A questo proposito vogliamo ribadire che il fascismo non è spuntato come un fungo che ha imprevedibilmente infettato la società dell’epoca e nemmeno è scomparso all’indomani del 25 aprile. Una parte enorme delle violenze e dei soprusi compiuti durante il ventennio è stata amnistiata rimanendo invendicata: negli anni successivi la stagione della Resistenza i processi hanno punito più partigiani che fascisti i quali hanno continuato a scrivere sui giornali sui quali scrivevano prima, a ricoprire incarichi di potere molto poco dissimili alle cariche che avevano ricoperto durante il ventennio.
Per questo diciamo che il 25 aprile è ogni giorno.
Per questo diciamo che la Resistenza deve essere ora e sempre e per questo vogliamo cogliere ogni occasione – come è stata questa serata insieme a Nicoletta Bourbaki – per trovare “la ragione alla lotta”, per starci dentro, per prendervi parte, senza romanticizzarla, ma guardando invece in ognuno dei suoi aspetti e sfumature, riflettendo su ognuna di queste perché la posta in gioco, lo sappiamo, sono la società e l’avvenire che desideriamo.
Con buona pace di chi la Resistenza ha provato a sterilizzarla, pacificandola e occultando quei partigiani e quelle partigiane troppo ribelli, troppo rossi, troppo donne persino ! ricordiamo che la violenza, l’uso della forza dei gruppi partigiani non è stata la violenza «contraria ma uguale» del regime prima e dell’occupazione poi. Anche leggendo la ricostruzione storica che Nicoletta Bourbaki ci restituisce emerge che sono molte le ragioni per le quali paragonarle è un inganno. Nello spazio di scambio e confronto dello scorso sabato sera abbiamo voluto riflettere su due tra le tante, scegliendo di attualizzare per chiederci conto delle ragioni di noi militanti.
In primo luogo: i gruppi, le bande partigiane erano legate alla comunità.
Dalle comunità locali provenivano e senza l’appoggio e la complicità di queste non sarebbero sopravvissute nemmeno all’inverno. Noi, militanti, siamo capaci oggi di costruire legami di mutualismo e di rinsaldare le relazioni con le comunità che attraversiamo?
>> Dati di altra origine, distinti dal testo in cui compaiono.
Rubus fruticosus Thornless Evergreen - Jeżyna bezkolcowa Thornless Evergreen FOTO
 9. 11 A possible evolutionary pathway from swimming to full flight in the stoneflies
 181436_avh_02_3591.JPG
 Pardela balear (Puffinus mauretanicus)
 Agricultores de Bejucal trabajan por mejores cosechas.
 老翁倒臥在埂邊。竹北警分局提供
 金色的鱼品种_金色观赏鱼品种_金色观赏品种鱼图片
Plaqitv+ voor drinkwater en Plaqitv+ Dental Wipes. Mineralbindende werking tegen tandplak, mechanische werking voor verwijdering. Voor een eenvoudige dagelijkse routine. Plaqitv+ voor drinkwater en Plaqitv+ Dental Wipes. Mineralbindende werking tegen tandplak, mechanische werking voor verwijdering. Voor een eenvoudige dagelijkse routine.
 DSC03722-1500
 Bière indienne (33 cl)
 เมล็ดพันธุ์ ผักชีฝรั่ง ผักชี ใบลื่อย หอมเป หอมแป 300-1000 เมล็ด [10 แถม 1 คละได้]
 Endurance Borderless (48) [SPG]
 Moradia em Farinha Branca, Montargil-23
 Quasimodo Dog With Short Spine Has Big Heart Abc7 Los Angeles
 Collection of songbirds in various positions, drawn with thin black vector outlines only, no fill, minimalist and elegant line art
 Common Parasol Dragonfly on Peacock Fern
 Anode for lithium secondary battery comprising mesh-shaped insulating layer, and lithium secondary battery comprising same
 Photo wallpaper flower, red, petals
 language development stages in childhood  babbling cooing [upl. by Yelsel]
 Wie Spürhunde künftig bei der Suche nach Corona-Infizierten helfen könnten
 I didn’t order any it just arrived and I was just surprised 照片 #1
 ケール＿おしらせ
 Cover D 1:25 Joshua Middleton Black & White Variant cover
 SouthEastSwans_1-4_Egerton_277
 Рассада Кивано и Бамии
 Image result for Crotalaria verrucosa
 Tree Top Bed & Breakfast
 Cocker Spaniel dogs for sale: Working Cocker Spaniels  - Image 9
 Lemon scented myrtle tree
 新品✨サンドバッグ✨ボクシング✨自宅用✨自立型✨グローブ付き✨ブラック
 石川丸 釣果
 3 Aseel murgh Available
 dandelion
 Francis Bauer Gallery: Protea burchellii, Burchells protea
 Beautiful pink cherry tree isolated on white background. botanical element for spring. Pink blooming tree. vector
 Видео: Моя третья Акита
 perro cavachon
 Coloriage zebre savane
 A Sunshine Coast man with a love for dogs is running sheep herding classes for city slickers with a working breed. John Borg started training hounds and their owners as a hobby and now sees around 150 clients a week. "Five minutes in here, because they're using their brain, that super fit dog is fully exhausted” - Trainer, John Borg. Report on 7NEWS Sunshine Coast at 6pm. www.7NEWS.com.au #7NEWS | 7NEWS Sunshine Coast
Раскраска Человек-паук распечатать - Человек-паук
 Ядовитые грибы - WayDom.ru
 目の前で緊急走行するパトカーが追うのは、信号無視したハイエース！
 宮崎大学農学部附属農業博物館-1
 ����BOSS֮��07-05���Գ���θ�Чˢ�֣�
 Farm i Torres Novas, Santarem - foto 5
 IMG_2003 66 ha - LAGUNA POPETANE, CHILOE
Secondo, ma non meno dirimente: le bande partigiane non impugnavano il manico del coltello.
il manico, il potere, lo aveva il regime che aveva fatto – fin dal principio – dell’aggressività e dell’abuso di forza le sue cifre distintive. Saccheggiare, torturare, stuprare, massacrare erano armi di guerra incoraggiate e largamente utilizzate dagli eserciti regolari, non strumenti propri della guerriglia auto organizzata degli oppressi.
A questo proposito noi, militanti, dobbiamo domandarci se stiamo facendo la nostra parte – ognuna e ognuno secondo le proprie possibilità – per organizzare legami di solidarietà tra le persone oppresse qui e in ogni parte del mondo.
La posta in gioco, lo sappiamo, sono la società e l’avvenire che desideriamo e per questa ragione abbiamo scelto la nostra parte.